ABOUT THIS TASK — Copy the lines exactly as they appear, starting with the first line of the records and ending with the line that contains "Centro de detección".

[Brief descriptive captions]

▬▬▬▬▬▬

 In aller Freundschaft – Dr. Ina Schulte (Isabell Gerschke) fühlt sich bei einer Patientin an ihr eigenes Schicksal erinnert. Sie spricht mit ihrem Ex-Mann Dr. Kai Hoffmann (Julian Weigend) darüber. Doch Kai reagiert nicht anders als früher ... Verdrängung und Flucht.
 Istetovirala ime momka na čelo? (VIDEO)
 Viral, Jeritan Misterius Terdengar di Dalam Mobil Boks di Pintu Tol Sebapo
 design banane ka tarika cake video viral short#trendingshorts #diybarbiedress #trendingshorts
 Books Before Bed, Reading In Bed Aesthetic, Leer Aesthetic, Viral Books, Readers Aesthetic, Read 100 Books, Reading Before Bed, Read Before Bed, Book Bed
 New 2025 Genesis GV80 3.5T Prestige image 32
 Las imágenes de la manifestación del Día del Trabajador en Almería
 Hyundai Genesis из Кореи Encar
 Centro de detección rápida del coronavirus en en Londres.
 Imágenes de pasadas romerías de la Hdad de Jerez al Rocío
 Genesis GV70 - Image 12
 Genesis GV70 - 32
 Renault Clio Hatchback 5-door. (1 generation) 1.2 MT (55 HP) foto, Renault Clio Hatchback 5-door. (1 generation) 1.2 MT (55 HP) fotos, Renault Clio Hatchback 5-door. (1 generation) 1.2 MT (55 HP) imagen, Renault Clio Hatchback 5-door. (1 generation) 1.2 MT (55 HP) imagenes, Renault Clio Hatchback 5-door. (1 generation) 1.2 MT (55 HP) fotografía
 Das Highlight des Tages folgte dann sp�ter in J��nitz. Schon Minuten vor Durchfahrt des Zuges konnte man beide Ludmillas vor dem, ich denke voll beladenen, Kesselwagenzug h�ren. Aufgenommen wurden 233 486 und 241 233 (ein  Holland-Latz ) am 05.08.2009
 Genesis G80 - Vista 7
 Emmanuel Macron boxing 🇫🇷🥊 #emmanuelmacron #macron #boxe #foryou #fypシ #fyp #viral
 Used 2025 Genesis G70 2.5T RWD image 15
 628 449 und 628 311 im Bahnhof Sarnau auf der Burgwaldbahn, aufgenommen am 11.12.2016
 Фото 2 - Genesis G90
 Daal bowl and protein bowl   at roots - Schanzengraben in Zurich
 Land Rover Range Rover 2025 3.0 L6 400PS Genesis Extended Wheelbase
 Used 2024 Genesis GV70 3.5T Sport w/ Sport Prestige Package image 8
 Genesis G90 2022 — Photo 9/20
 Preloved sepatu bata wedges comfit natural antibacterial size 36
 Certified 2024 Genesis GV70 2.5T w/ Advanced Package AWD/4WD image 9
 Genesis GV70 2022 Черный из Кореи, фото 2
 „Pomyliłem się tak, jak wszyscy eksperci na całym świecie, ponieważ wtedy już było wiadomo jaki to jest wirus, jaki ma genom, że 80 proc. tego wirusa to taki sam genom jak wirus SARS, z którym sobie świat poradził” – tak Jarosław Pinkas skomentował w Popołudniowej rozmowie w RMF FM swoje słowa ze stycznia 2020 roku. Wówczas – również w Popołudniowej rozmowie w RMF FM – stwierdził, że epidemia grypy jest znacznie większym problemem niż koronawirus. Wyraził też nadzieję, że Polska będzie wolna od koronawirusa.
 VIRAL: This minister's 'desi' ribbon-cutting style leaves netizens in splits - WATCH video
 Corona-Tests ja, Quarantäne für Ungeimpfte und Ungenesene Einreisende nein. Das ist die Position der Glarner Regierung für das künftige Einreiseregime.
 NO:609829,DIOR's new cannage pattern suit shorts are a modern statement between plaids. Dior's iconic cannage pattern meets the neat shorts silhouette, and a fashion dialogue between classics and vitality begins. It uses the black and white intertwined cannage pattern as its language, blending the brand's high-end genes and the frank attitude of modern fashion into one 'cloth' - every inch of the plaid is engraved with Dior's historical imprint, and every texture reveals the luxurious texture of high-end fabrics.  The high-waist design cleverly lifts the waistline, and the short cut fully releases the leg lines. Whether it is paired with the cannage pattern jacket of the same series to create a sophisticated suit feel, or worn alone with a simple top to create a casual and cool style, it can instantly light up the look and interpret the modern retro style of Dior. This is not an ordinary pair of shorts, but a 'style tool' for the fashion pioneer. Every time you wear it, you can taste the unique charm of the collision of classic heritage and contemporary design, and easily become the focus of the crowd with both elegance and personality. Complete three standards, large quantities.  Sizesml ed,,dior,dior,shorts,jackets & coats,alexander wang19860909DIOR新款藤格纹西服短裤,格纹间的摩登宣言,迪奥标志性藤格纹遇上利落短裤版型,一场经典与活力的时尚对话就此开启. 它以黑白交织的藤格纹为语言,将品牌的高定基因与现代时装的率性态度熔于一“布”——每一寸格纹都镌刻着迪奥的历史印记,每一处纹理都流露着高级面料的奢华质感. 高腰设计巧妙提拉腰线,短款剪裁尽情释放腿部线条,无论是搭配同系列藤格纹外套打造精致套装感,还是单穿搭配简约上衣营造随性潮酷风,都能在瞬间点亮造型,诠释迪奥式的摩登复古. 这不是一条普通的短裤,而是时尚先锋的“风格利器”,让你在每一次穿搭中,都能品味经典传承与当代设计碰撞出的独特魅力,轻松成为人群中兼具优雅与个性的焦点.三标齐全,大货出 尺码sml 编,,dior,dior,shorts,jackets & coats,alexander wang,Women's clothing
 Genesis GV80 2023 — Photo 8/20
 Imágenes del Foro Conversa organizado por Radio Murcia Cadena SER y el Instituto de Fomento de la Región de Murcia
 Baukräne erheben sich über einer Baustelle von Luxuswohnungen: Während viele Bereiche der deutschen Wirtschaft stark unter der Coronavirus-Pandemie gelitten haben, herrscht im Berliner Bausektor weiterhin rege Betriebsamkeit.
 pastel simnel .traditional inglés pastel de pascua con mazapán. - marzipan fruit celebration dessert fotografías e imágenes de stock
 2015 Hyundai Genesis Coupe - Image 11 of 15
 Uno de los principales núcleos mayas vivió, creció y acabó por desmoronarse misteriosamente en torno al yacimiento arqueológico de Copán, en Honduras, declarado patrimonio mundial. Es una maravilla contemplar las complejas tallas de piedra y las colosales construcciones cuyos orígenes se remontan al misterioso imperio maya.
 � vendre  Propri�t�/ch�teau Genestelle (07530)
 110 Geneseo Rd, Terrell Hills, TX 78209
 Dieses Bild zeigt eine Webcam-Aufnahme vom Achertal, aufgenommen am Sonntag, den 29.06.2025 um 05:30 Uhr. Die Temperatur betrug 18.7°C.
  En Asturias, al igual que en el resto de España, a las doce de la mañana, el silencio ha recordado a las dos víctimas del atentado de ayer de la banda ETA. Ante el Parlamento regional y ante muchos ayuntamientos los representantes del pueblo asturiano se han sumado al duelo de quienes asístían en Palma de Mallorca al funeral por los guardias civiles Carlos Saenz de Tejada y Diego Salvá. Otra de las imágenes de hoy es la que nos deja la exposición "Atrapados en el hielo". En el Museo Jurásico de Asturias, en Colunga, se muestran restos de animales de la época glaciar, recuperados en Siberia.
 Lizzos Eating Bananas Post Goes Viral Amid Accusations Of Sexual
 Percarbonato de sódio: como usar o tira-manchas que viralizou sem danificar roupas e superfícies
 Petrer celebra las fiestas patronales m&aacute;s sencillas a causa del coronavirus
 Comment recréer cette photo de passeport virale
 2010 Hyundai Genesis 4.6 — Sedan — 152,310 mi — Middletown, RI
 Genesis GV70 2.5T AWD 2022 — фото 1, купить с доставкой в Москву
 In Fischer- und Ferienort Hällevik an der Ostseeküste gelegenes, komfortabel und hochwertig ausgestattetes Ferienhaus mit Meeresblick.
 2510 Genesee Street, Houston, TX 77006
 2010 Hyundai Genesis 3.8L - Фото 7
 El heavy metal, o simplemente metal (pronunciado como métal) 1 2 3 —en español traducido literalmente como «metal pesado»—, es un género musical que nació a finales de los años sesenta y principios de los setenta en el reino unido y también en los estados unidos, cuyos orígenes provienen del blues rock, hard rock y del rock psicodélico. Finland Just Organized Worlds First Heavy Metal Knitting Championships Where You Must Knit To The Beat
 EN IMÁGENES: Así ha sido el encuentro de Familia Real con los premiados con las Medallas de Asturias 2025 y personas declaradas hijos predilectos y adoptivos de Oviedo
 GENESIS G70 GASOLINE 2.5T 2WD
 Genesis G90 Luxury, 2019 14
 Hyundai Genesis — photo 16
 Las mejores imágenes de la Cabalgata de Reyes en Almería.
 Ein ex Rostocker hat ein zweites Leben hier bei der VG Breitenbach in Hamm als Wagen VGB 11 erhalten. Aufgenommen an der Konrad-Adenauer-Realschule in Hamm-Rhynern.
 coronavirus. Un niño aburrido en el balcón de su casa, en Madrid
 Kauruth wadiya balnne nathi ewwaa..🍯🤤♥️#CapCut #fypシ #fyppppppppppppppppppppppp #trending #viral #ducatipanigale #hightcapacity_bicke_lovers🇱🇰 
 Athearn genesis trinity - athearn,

▬▬▬▬▬▬

FINISHED EXERCISE —
 In aller Freundschaft – Dr. Ina Schulte (Isabell Gerschke) fühlt sich bei einer Patientin an ihr eigenes Schicksal erinnert. Sie spricht mit ihrem Ex-Mann Dr. Kai Hoffmann (Julian Weigend) darüber. Doch Kai reagiert nicht anders als früher ... Verdrängung und Flucht.
 Istetovirala ime momka na čelo? (VIDEO)
 Viral, Jeritan Misterius Terdengar di Dalam Mobil Boks di Pintu Tol Sebapo
 design banane ka tarika cake video viral short#trendingshorts #diybarbiedress #trendingshorts
 Books Before Bed, Reading In Bed Aesthetic, Leer Aesthetic, Viral Books, Readers Aesthetic, Read 100 Books, Reading Before Bed, Read Before Bed, Book Bed
 New 2025 Genesis GV80 3.5T Prestige image 32
 Las imágenes de la manifestación del Día del Trabajador en Almería
 Hyundai Genesis из Кореи Encar
 Centro de detección rápida del coronavirus en en Londres.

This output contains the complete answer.